Hero police dog Diesel killed in Paris attacks raid to be awarded medal for gallantry

Diesel, the police dog that died during a raid on the suspected Paris attacks mastermind, evoked an outpouring of grief on social media.
Diesel, the police dog that died during a raid on the suspected Paris attacks mastermind, evoked an outpouring of grief on social media.PHOTO: REUTERS

LONDON (AFP) - A French police dog killed in a security services raid after the Paris attacks is to receive a posthumous medal for gallantry from a British animal charity, it said on Monday.

Diesel died in November during a police raid on an apartment in a northern suburb of Paris, which killed the alleged mastermind of the attacks in which 130 people died.

He had been sent in to a building where lead plotter Abdelhamid Abaaoud.had a flat to sniff out booby traps but was blown to pieces when a woman came out firing her AK-47 at police and then detonated her suicide vest, according to Britain's Mail Online. 

His death almost certainly saving the life of a human member of his elite police unit, the paper said. 

The Daily Mail reported Diesel's handler, who cannot be named for security reasons, saying: "His role was to open the way for the rest of us. He uses all his senses to detect if anyone is present and if he can get to them, to go and bite them. If not, he stands and barks to indicate where the person is hiding.

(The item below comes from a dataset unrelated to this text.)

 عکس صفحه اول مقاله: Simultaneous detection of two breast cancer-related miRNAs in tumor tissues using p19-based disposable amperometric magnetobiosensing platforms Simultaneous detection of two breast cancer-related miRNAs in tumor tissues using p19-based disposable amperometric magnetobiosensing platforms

"I had absolute confidence in him, and him in me. Both of us knew how the other would behave in the situation.'

According to the Mail, one police handler said it was "a little like losing one of our colleagues", while a Twitter user said Diesel had "died to defend our colours".

Russia later donated a new puppy named Dobrynia to France in Diesel's memory to carry on his work.

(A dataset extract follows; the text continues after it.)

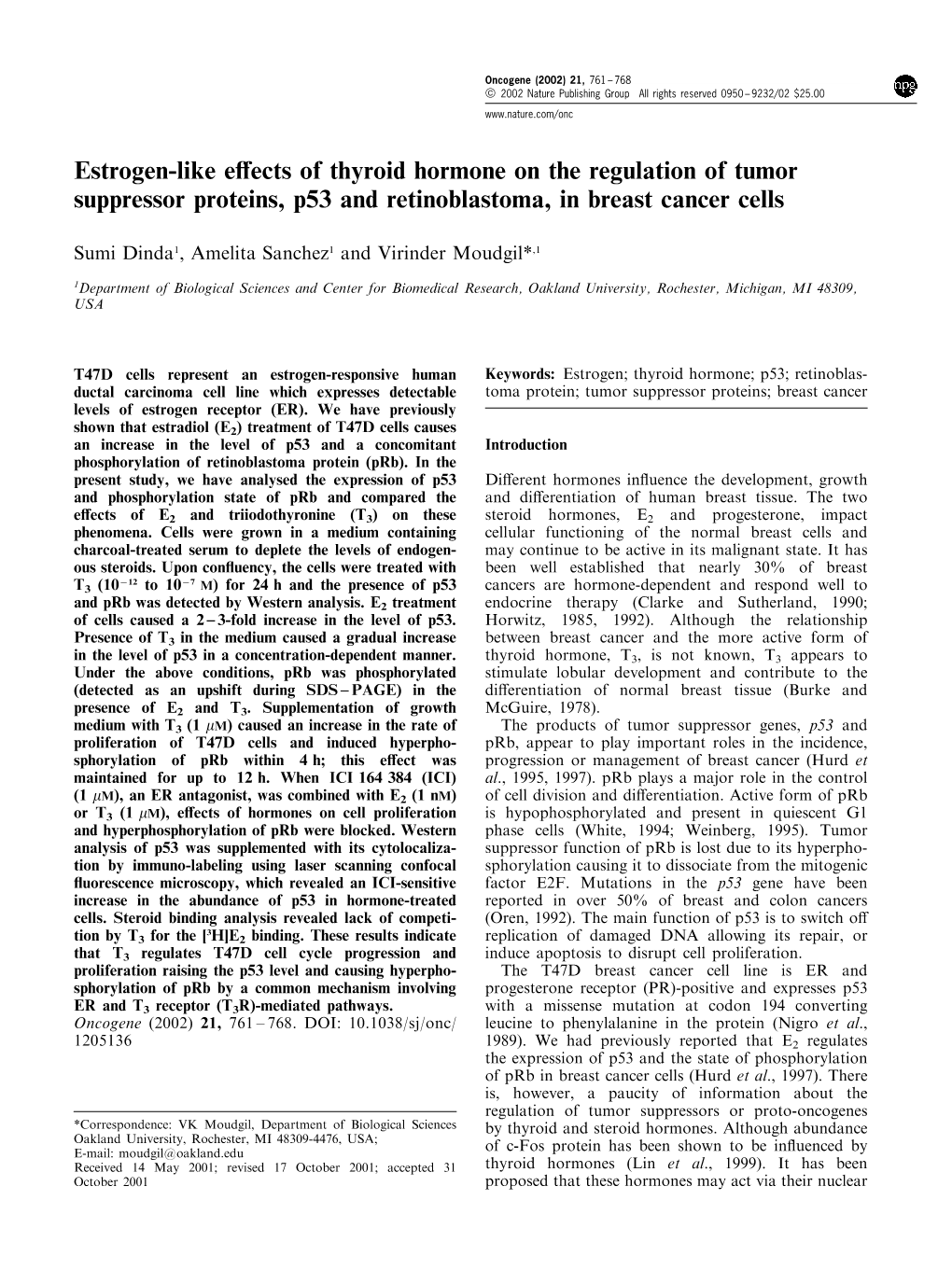 Estrogen-Like E€Ects of Thyroid Hormone on the Regulation of Tumor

Diesel's death led to the hashtag #JeSuisChien (I Am A Dog) trending on Twitter.

The People's Dispensary for Sick Animals (PDSA) said the seven-year-old Belgian Shepherd would receive the Dickin Medal, described as its "supreme honour for gallantry".

The medal was introduced in 1943. Previous recipients include pigeons which carried messages behind the front lines in World War II and military dogs which sniffed out Taleban bombs in Afghanistan.

The PDSA's director general, Jan McLoughlin, said: "As guardians of the world's most prestigious animal awards programme, we were inundated by messages from members of the public to recognise (Diesel's) heroism.

"The PDSA Dickin Medal recognises conspicuous devotion to duty in the theatre of conflict and Diesel is a truly deserving recipient."

A formal ceremony marking the honour will take place next year.